TakeAction Minnesota, a hard-left pressure group that is funded in large part by labor unions, announced a new policy proposal ostensibly aimed at helping low-wage workers. According to In These Times, which covers labor movement news, TakeAction is proposing a so-called “Bad Boss Tax” to be introduced in the Minnesota legislature next year. Excerpt: “It’s developing the framework for a bill that it hopes will be introduced in 2015 by state legislators who have worked with the network in the past. As conceived, the ‘bad business fee’ legislation would require companies to disclose how many of their employees are receiving public assistance from the state or federal government. Companies would then pay a fine based on the de facto subsidies they receive by externalizing labor costs onto taxpayers.”
In These Times reports that “the force behind the bad business fee idea is TakeAction’s parent organization, National People’s Action”, and that “TakeAction Minnesota’s plan is one prong of a larger national effort.” The fact that this is being driven from an out-of-state interest group is interesting, considering TakeAction and its allies routinely attack national conservative groups for allegedly meddling in state affairs.

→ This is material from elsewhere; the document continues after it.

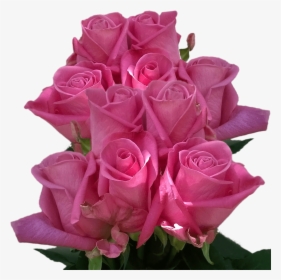 Real Roses Dark Purple Colors Roses Flowers Cheap 50 - Real Rose Flower, HD Png Download, Transparent PNG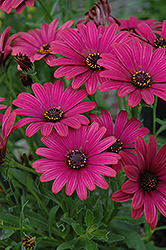 Summertime Red Velvet African Daisy (Osteospermum 'Summertime Red Velvet') at Lakeshore Garden Centres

Despite the lack of an actual detailed policy proposal, it’s clear that even as an abstraction the “Bad Boss Tax” is poorly conceived and self-defeating. Among other things, the TakeAction tax would incentivize employment discrimination, encouraging companies to avoid employing poor workers or single parents, instead favoring students or teenagers living at home.
Ironically, it also stigmatizes the very people (and the public aid programs) it purports to help, making enrollment in programs a badge of shame. And enforcing the tax would require a massive bureaucracy, with endless opportunities for invasions of privacy, personal data breaches, and abuses of power. But for ideologues involved in the endless pursuit for greater government power, those are apparently risks worth taking.
And in a final bit of irony, while railing against employers for paying low wages, TakeAction itself pays its interns no wages. The unpaid interns presumably toil away in the glass house from which TakeAction throws stones.